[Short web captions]
/---
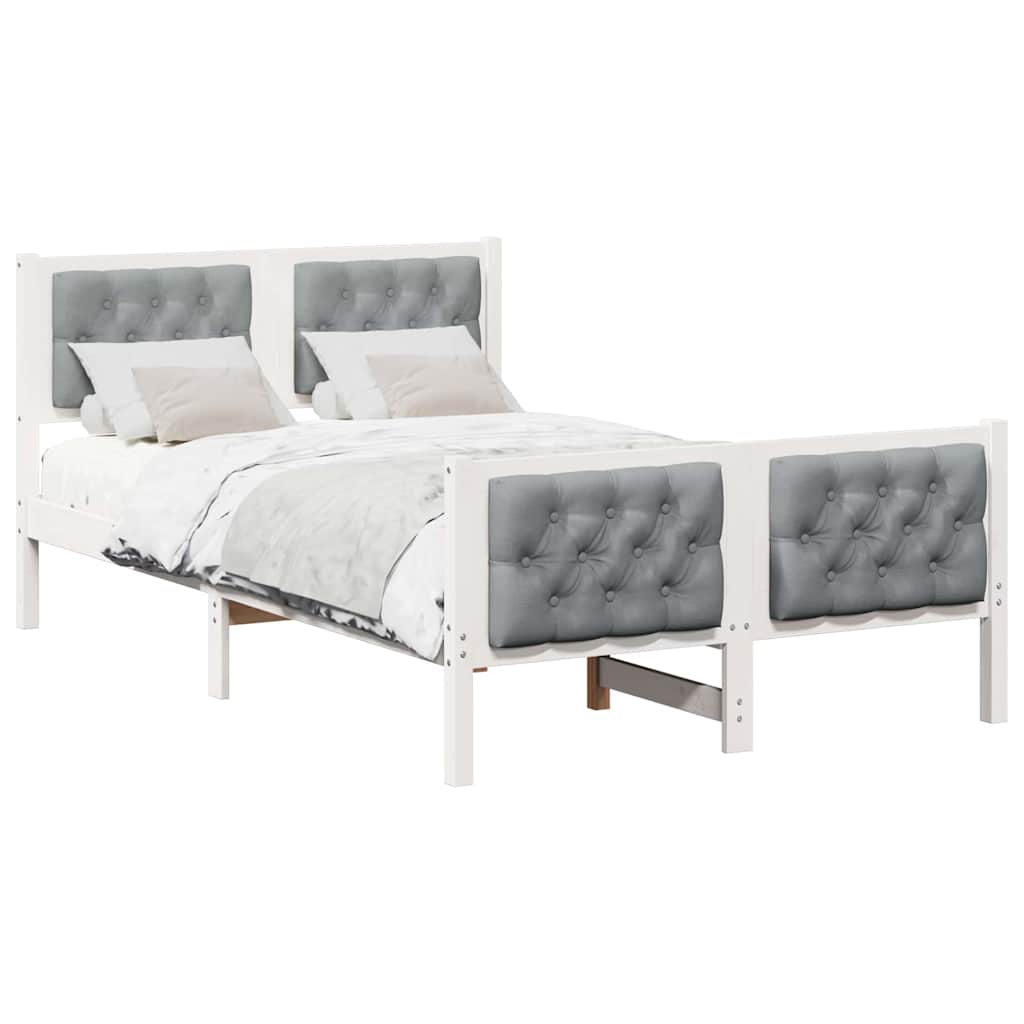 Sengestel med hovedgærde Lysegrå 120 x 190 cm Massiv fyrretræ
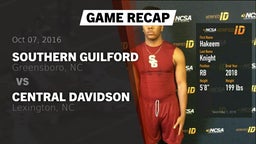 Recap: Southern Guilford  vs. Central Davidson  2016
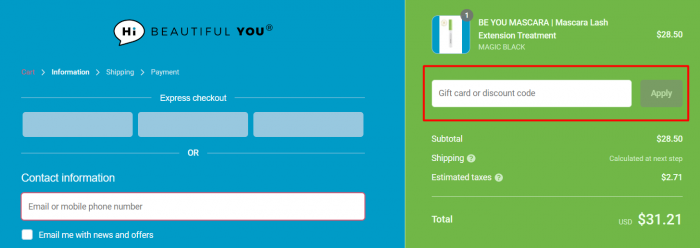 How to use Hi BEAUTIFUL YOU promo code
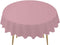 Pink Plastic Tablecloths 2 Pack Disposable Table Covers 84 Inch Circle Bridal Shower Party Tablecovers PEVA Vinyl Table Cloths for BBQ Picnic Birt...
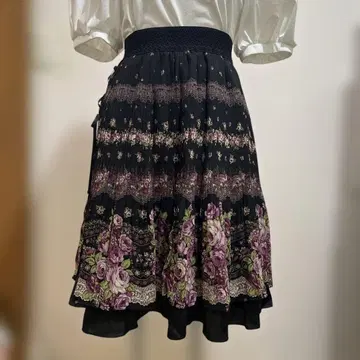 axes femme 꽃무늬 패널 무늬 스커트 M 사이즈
\---
WORK TO COMPLETE: Excluding the pictures, restate word for word the lines from the one that holds "Recap: Southern Guilford" through the last line of the entries, both ends included.

ANSWER FOR THE TASK:
 Recap: Southern Guilford  vs. Central Davidson  2016
 How to use Hi BEAUTIFUL YOU promo code
 Pink Plastic Tablecloths 2 Pack Disposable Table Covers 84 Inch Circle Bridal Shower Party Tablecovers PEVA Vinyl Table Cloths for BBQ Picnic Birt...
 axes femme 꽃무늬 패널 무늬 스커트 M 사이즈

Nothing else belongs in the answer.